- EXERCISE OBJECTIVE -
What is needed is an exact copy of the records below, with the pictures left out.

- INFORMATION SUPPLIED -
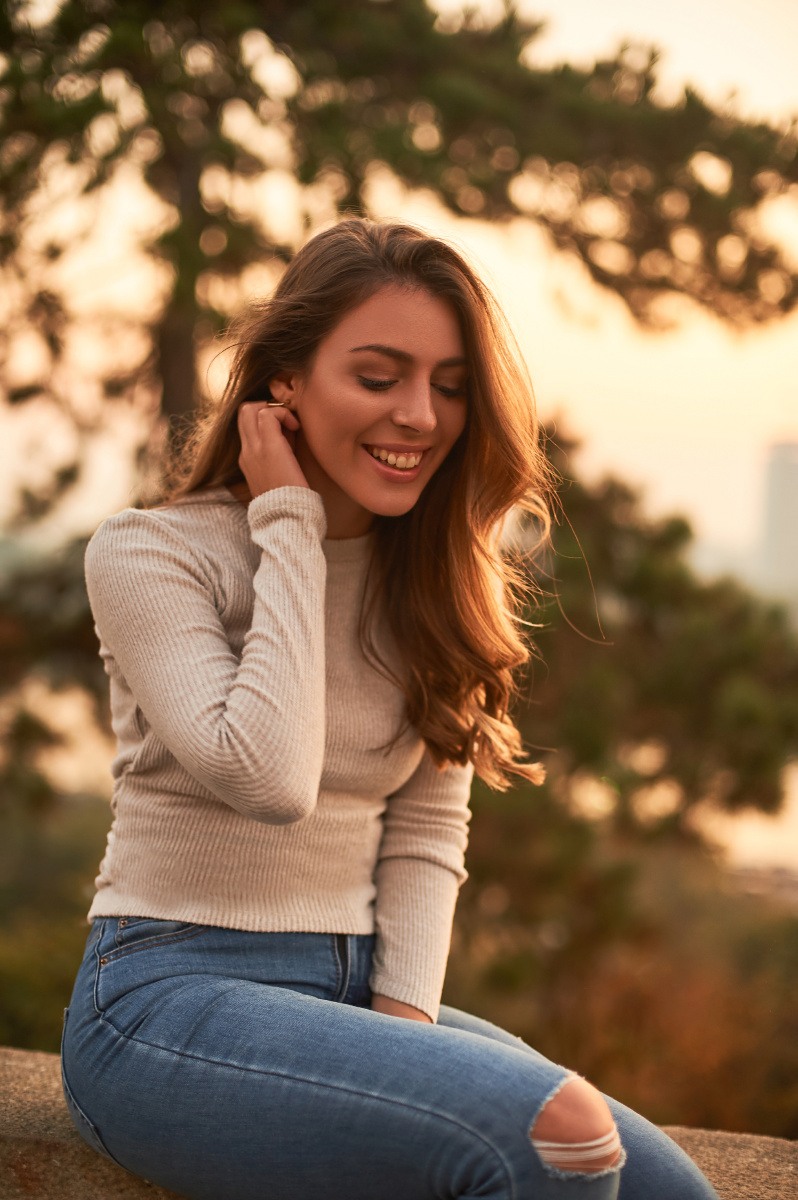 夕阳西下塞尔维亚女孩
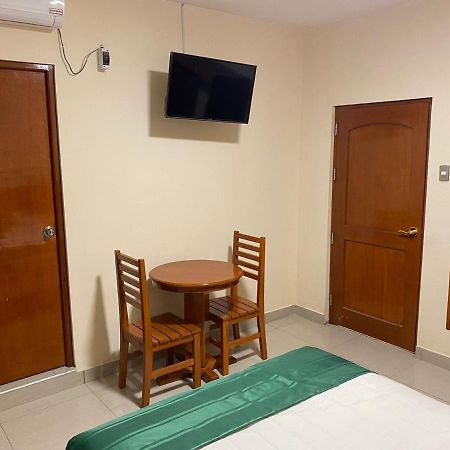 Tariri Hotel 普卡尔帕 外观 照片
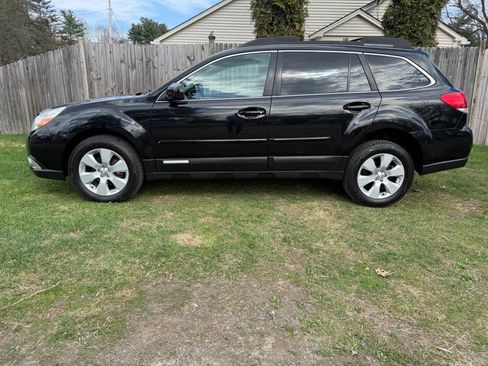 Used 2011 Subaru Outback 2.5i Premium w/ All-Weather Pkg image 1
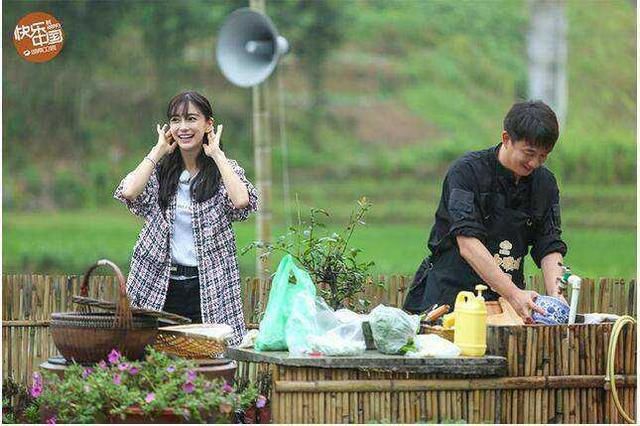 anglababy假吃事件上热搜，《向往生活》暴露杨颖吃货是真假！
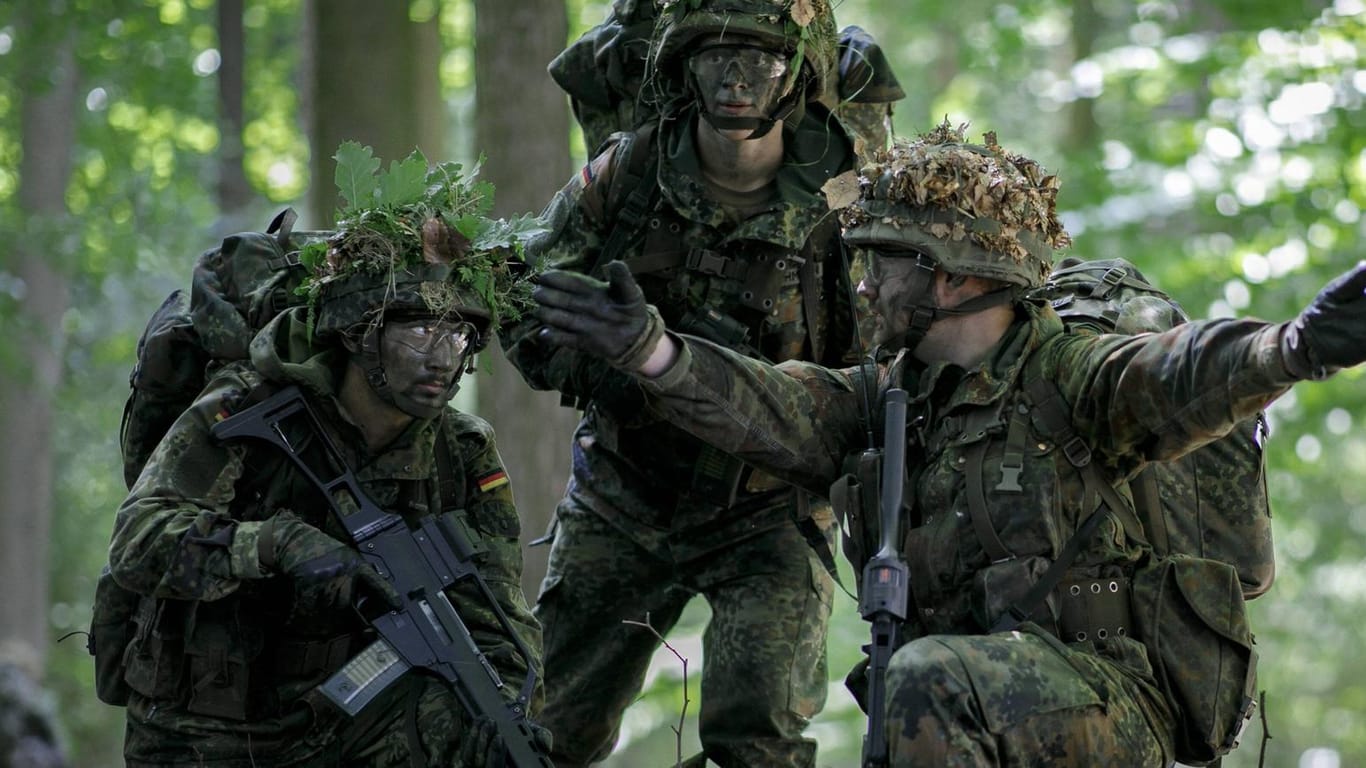 Bundeswehrsoldaten bei einer Übung: Das Positionspapier der CSU sieht eine europäische Armee bis 2030 vor.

- EXERCISE RESULT -
 夕阳西下塞尔维亚女孩
 Tariri Hotel 普卡尔帕 外观 照片
 Used 2011 Subaru Outback 2.5i Premium w/ All-Weather Pkg image 1
 anglababy假吃事件上热搜，《向往生活》暴露杨颖吃货是真假！
 Bundeswehrsoldaten bei einer Übung: Das Positionspapier der CSU sieht eine europäische Armee bis 2030 vor.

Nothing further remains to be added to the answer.